Exercise material:
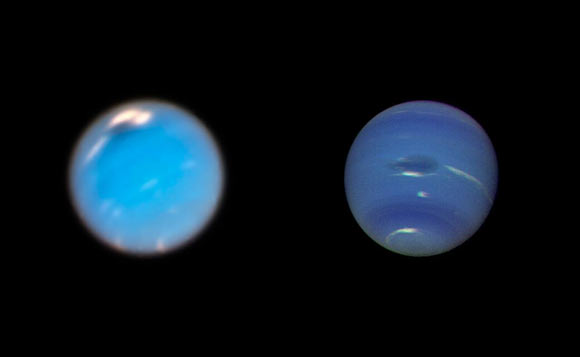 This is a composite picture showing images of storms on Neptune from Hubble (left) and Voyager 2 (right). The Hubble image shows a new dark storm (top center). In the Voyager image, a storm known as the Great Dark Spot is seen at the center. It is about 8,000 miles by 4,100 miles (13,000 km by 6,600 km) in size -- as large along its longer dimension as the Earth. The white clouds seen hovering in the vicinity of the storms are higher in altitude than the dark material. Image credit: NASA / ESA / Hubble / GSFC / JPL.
==
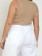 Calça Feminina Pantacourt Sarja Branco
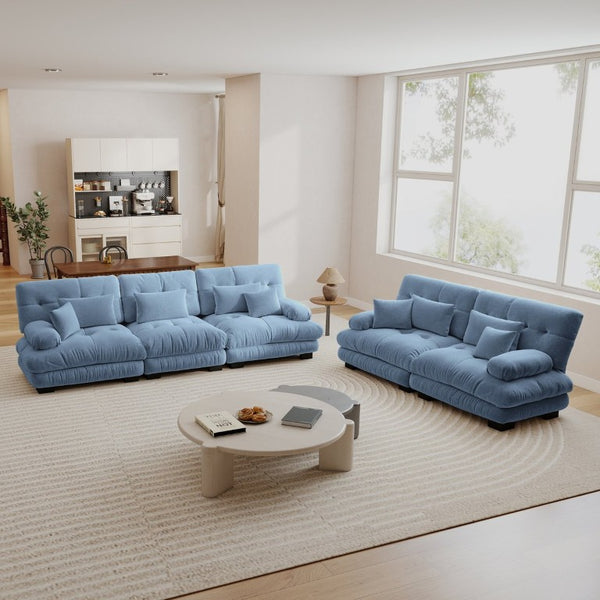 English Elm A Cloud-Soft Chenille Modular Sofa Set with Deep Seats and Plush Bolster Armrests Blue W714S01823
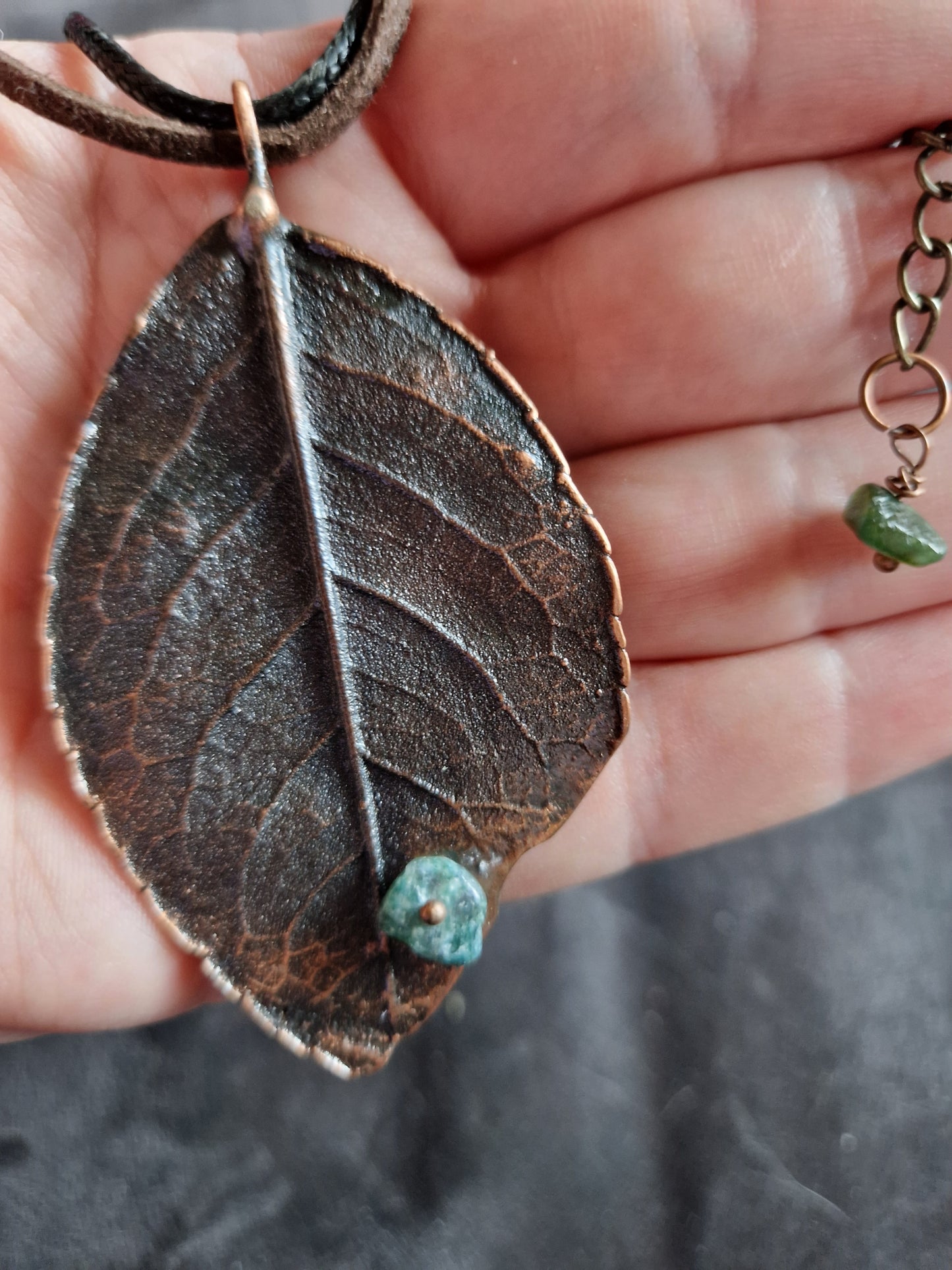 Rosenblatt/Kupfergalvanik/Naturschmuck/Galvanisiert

Action item:
If a picture sits between the line containing "Calça Feminina Pantacourt Sarja Branco" and the line containing "Rosenblatt/Kupfergalvanik/Naturschmuck/Galvanisiert", leave it out, and return the lines of that range above exactly, both ends included.

Response to this task:
 Calça Feminina Pantacourt Sarja Branco
 English Elm A Cloud-Soft Chenille Modular Sofa Set with Deep Seats and Plush Bolster Armrests Blue W714S01823
 Rosenblatt/Kupfergalvanik/Naturschmuck/Galvanisiert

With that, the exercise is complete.